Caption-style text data
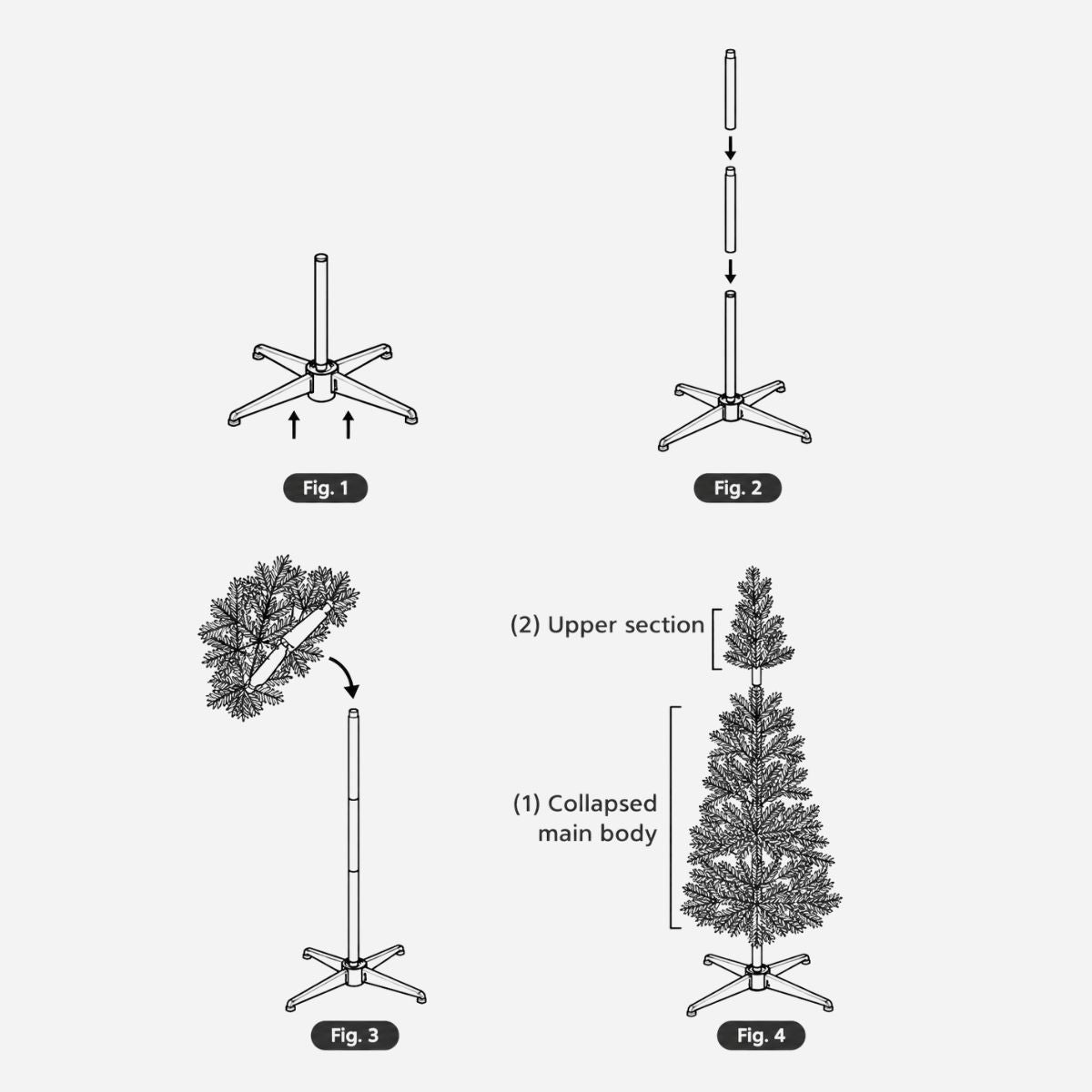 HWP-10436168:POP_UP_TREE_1.jpg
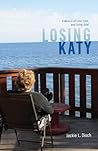 Losing Katy by Jackie L.  Disch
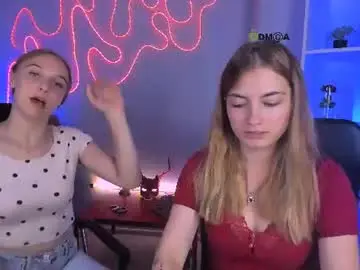 Chaturbate Live Sex Cam of keylas_moan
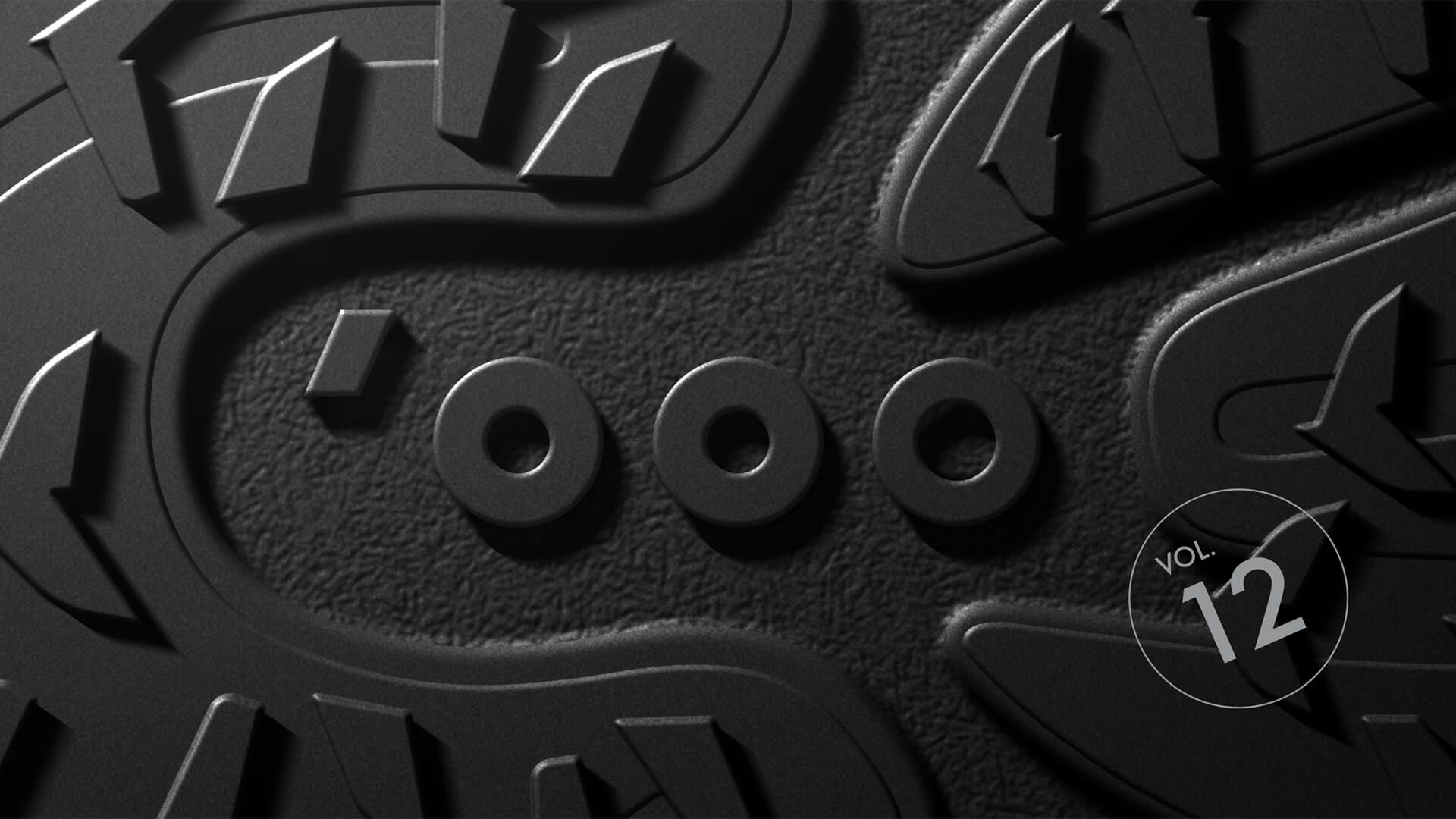 thinkers’ ooo Vol. 11-15 合輯 — 做品牌，也被品牌做 - Image 1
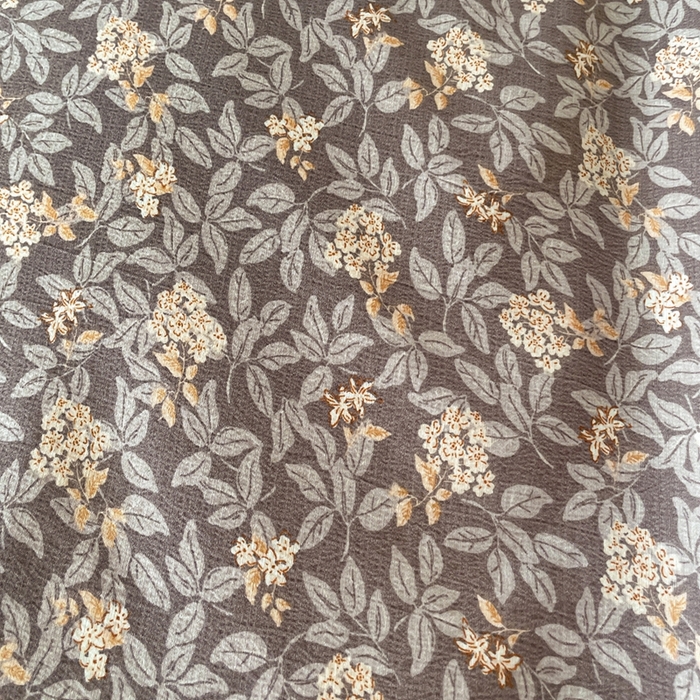 91家纺网 家纺一手货源 找家纺 一比一家纺 2025秋冬新款高克重棉麻原麻复古诧季风原麻四件套-简单款 复暮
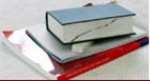 CCE-Chaudhari College Of Education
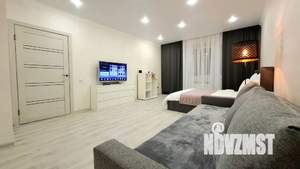 2-к квартира, посуточно, 44м2, 5/9 этаж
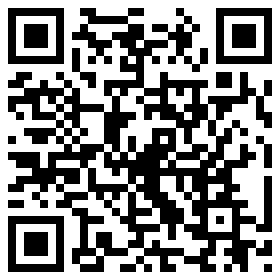 qrcode für DELOCK 19993 - Schrumpfschlauch Box Innenkleber Schrumpfungsrate 3 15m 19 1mm schwarz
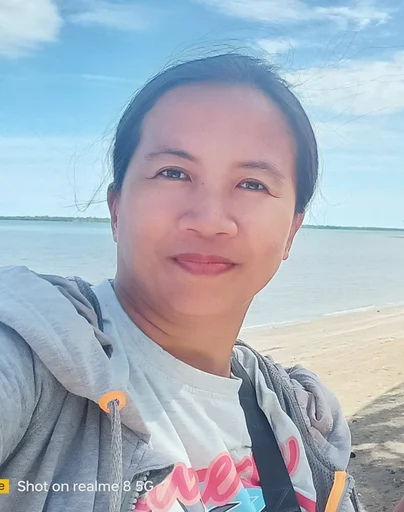 Jenilyn, 36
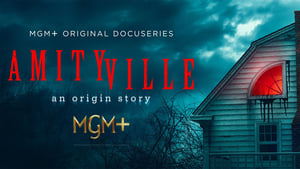 Amityville: An Origin Story kép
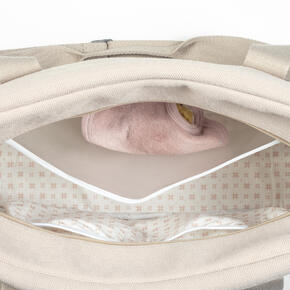 Bolsa de maternidade - Eco Mum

TASK REQUIREMENTS:
Take the records above from their first line through the line with "2-к квартира, посуточно, 44м2, 5/9 этаж" and set those lines down word for word, minus the pictures.

PROBLEM SOLUTION:
 HWP-10436168:POP_UP_TREE_1.jpg
 Losing Katy by Jackie L.  Disch
 Chaturbate Live Sex Cam of keylas_moan
 thinkers’ ooo Vol. 11-15 合輯 — 做品牌，也被品牌做 - Image 1
 91家纺网 家纺一手货源 找家纺 一比一家纺 2025秋冬新款高克重棉麻原麻复古诧季风原麻四件套-简单款 复暮
 CCE-Chaudhari College Of Education
 2-к квартира, посуточно, 44м2, 5/9 этаж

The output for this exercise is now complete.